AVAILABLE DATA:
╔══
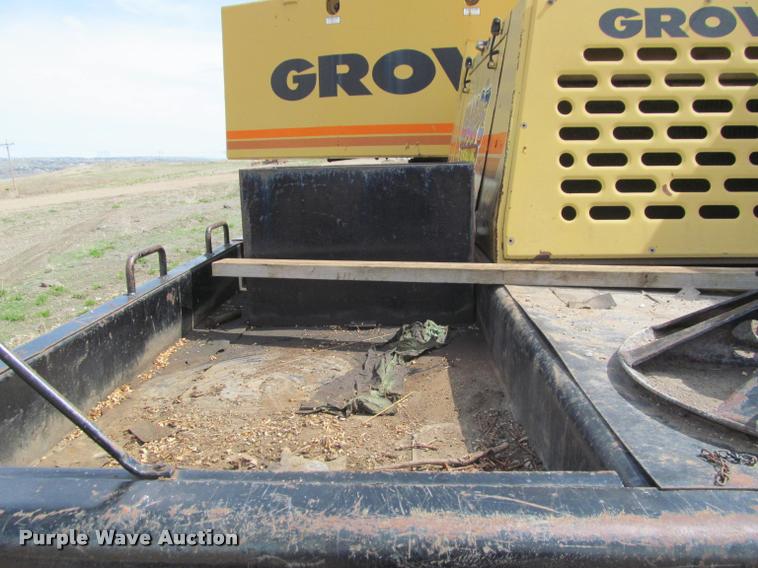 image for item K3889 1985 Grove TMS760 hydraulic crane with carrier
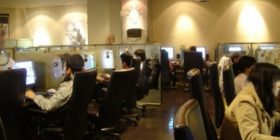 Gruaja lind fëmijën në internet-kafe dhe vazhdoi lojën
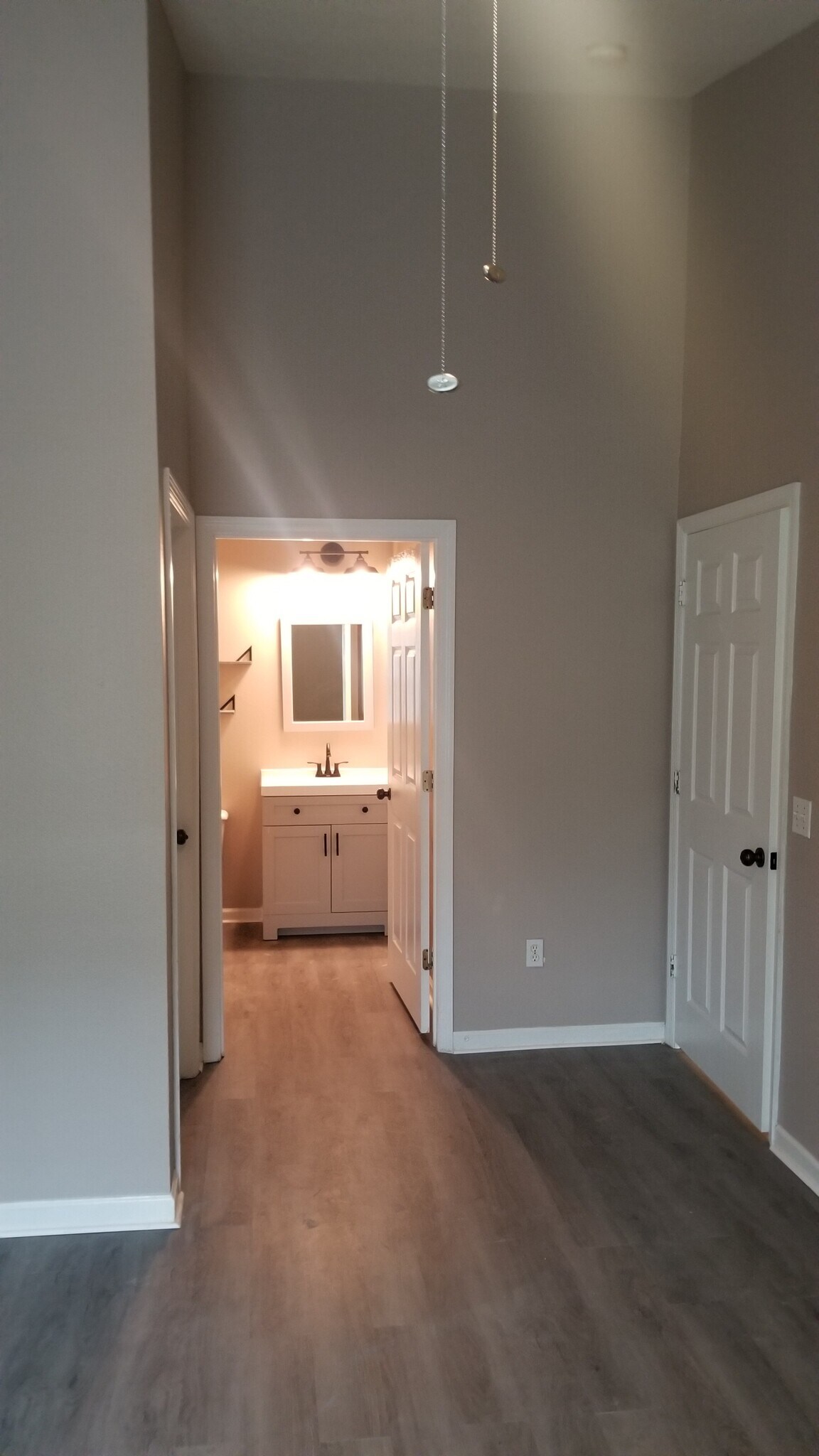 Building Photo - 6584 Swissco Dr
╚══
PROBLEM TO WORK ON:
Nothing but the listing, copied exactly and stripped of its images, should appear in the response.

EXERCISE RESULT:
 image for item K3889 1985 Grove TMS760 hydraulic crane with carrier
 Gruaja lind fëmijën në internet-kafe dhe vazhdoi lojën
 Building Photo - 6584 Swissco Dr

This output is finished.